Let's start with some exposition...





*New Wine, Old Wineskins – Setting the Stage*



*Sir Brianthalantyrael Emberdance* -- Noble Tulani of Summer, Seventy-Third Consort of High Queen Tiandra, Questsworn Knight-Errant of the Court of Stars, and Warding-Agent of the Order of Mystra’s Presage…

   …or, as he’s most commonly known on this side of the Veil, just a guy named _Brian_…

   …has finally made contact with his adopted brother and daughter, the Warlock whose Pact Oath he holds, and the other three essential figures whose lives he has watched since they were born, waiting patiently for the proper time to gather them together and reveal to them the fate in store for plague-torn Abeir-Toril, and their potential parts to play in it…
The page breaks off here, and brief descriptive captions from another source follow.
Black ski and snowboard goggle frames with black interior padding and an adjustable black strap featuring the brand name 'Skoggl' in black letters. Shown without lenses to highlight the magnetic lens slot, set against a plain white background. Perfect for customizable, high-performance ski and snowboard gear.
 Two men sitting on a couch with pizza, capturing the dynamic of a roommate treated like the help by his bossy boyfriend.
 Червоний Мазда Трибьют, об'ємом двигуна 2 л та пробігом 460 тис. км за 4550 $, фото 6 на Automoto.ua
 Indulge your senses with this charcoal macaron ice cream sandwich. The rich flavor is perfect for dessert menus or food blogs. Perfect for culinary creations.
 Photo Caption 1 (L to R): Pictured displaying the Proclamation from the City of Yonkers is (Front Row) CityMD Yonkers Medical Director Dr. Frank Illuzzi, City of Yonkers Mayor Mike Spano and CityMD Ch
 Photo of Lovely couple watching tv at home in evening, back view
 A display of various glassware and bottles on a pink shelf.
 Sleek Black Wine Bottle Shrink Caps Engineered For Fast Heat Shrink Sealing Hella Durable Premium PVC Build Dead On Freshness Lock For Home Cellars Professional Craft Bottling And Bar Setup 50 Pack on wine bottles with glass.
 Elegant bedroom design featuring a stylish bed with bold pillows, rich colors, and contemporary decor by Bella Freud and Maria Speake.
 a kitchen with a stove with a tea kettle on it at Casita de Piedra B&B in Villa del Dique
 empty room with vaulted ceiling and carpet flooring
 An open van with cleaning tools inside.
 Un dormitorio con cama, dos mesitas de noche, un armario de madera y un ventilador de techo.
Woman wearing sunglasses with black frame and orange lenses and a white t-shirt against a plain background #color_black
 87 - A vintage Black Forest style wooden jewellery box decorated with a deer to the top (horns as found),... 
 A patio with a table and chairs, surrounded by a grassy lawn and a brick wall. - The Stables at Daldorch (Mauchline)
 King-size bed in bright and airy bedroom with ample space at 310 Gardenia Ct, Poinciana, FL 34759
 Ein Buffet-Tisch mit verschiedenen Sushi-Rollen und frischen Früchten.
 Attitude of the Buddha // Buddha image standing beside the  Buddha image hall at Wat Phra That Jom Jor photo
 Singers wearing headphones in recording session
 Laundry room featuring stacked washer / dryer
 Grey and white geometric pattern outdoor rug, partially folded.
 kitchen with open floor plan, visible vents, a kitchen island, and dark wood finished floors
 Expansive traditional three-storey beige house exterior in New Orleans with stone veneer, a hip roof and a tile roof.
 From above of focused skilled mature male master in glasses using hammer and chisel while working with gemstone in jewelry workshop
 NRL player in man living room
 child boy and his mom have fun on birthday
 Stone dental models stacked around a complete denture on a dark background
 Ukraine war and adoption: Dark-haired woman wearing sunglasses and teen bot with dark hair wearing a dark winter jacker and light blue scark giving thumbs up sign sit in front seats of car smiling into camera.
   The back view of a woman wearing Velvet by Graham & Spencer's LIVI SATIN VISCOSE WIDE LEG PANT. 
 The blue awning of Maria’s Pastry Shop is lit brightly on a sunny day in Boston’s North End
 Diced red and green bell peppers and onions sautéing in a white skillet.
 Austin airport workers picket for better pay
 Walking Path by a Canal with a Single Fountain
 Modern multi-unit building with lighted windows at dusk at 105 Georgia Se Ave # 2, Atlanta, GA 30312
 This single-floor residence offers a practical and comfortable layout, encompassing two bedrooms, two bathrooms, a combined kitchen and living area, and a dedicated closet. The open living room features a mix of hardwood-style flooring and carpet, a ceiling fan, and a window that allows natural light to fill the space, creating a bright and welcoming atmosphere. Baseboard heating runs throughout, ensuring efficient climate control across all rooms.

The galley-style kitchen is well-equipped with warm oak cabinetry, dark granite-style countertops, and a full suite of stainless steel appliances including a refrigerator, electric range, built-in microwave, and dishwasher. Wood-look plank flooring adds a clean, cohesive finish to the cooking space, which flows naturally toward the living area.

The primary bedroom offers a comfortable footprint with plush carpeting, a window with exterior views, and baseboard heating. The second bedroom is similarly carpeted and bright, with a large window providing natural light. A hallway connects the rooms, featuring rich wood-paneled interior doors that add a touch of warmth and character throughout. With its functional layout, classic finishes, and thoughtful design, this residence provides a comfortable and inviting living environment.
**  Al’Trek Ethers, Male Half-Elf Bravura Warlord, Unaligned Worshipper of Tempus*


   -----  The corrupt, greed-ridden, and intrigue-laden nation of Amn is ruled by a “Council of Five” consisting of the five High Houses who hold all of the wealth and power in the land.  But a mere twenty years ago, and for many generations before that, it was a “Council of Six” that controlled the fate of the Amnian people.  The sixth and now defunct High House was House Ethers, hereditary rulers of the city of Esmeltaran, was eliminated by a sinister rival in a terrible plot of betrayal and honorless murder.  It is widely believed in Amn that no living member of House Ethers remains, and now, House Nashivaar (formerly calling itself House North to disguise its old familial ties to the Church of Cyric) holds sway in Esmeltaran, and no sixth High House has appeared to claim the traditional seat of power left in the vacuum of House Ethers’ destruction.  But unbeknownst to all but a select few, one noble scion of House Ethers lives still, secreted away on the very night of the great battle that sealed House Ethers’ fate, his life saved by the lovingly dedicated heroics of his older brother and close mentor, _Firstson Brian_.  *Al’Trek* Ethers, only a boy of twelve when his family and home were forever obliterated, was to be carried safely off to take refuge with friends of his father in the faraway nation of Estagund.  His ship was pursued by House Nashivaar assassins and pirates, but managed to elude them all, only to succumb to a terrible storm that left young Al’Trek washed ashore in the forbidding wasteland called in this age by the uncomplimentary name of Elfharrow.  There, he was adopted by the Dawn Tribe, one of the largest and fiercest of the Wild Elf clans who roam that shattered land.  Raised for the next twenty years in this harsh crucible, Al’Trek grew into a hardened and dauntless man, a warrior in spirit, and a natural leader by birth and by talent.  Personal tragedy and the raving half-baked prophecies of a tribal shaman eventually drove him from his adopted home in the Elfharrow waste, and he finally began to work his way north, back toward the “civilized” lands that bred him.  He came seeking his place in this world, answers which had been long denied him, a suppressed but never fully extinguished smoldering urge for vengeance, and perhaps the barest glimmer of hope that he may yet find some small vestige of his family miraculously left alive after all of these years…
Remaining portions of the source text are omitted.